Even after moving to Los Angeles from Orange County, I would still make the trek down to SOMA for particularly good lineups, and even though this was a radio show (91X's X-Fest), nothing could keep me away from a chance to see the Yeah Yeah Yeahs for the very first time in such an intimate setting. Besides, I knew a band that had won an opening slot on the bill and had just seen the Killers and stellastarr* perform great sets at Coachella, so it would be a trip well worth it.

And, I should mention that I absolutely love Karen Lee Orzolek. "Y Control" is one of my all-time favorite songs. The YYYs performed most of the other songs from their 2003 debut full-length, Fever to Tell, that night as well. Guitarist Nick Zinner looked so cool during the intro to "Pin," and Brian Chase had the crowd jumping up and down in time to his drumbeats in "Tick." The entire audience sang along to their massive hit "Maps." With the lack of ventilation in the SOMA main-stage area and the inability of my friends and I to stop dancing from the moment the YYYs began, I was totally drenched in sweat before their third song ended. But we all kept moving.

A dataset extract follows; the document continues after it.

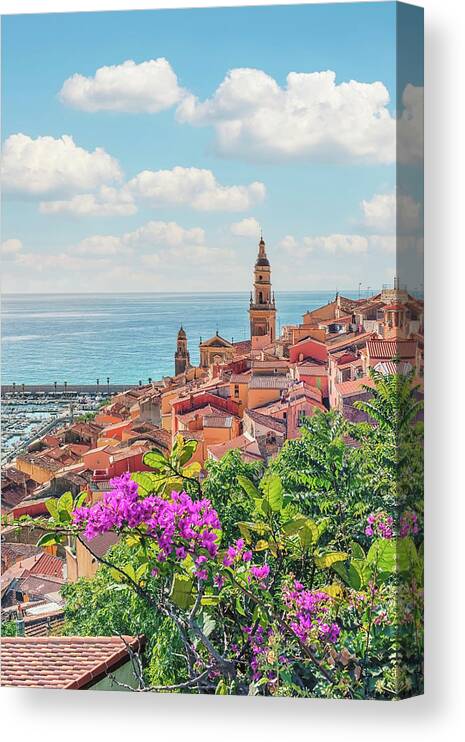 Alpes-maritimes Canvas Print featuring the photograph Menton by Manjik Pictures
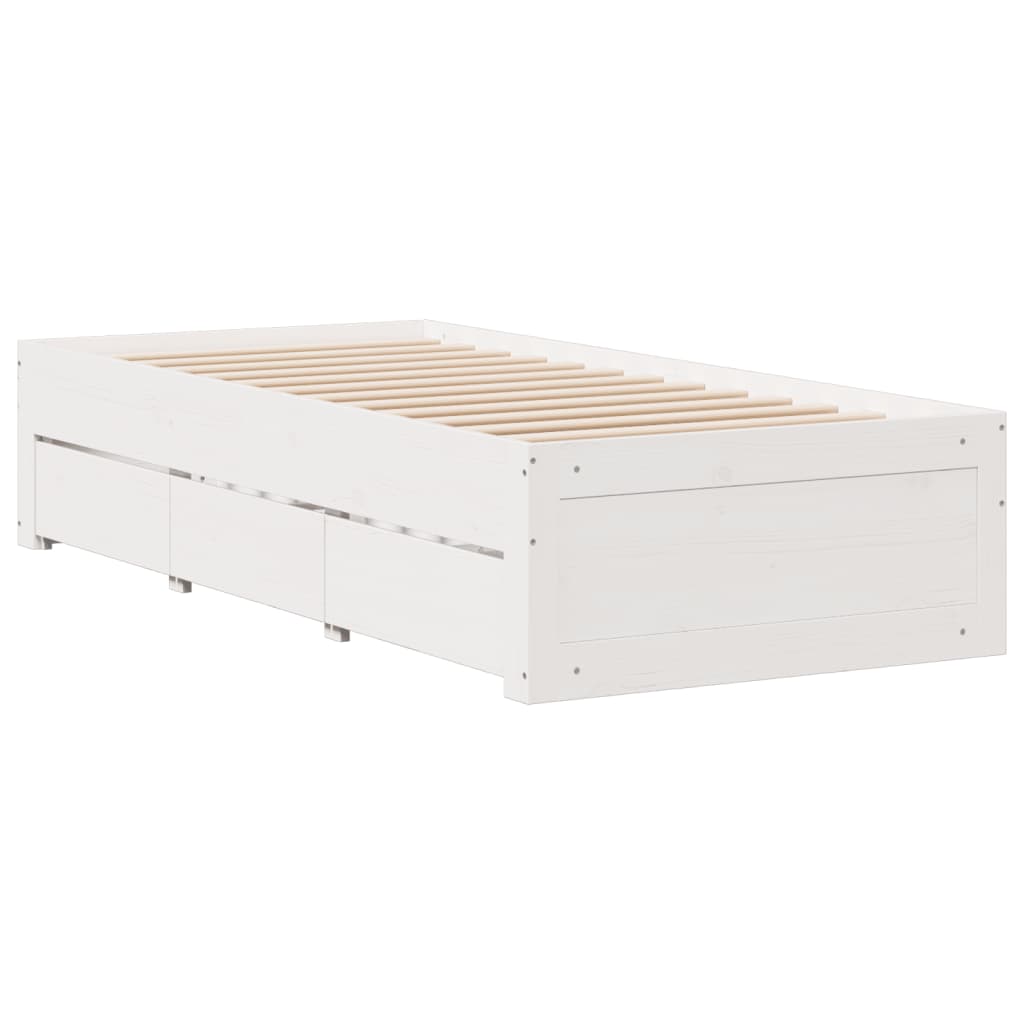 Solid Wood Bed Without Mattress with Drawers White 90x200 Cm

Simultaneously, I was mesmerized as Karen O strutted around the stage with her continual attempts at swallowing the microphone head and wrapping its long black cord around her arms and legs. It was like someone had set a firecracker off on stage, yet her flame never sputtered out. As she pranced and tumbled in her seemingly homemade, craft-project costume, she was quirky yet completely relatable in her simultaneously vulnerable and warrior-woman moments during songs. This is why I so admire her. She isn't afraid of shedding all pretenses and performing with utter abandon. She is definitely one of my favorite frontwomen in all of rock 'n' roll today. And if she ever performs Stop the Virgens in Los Angeles, it will be the first (and probably only) time I would ever go to an opera.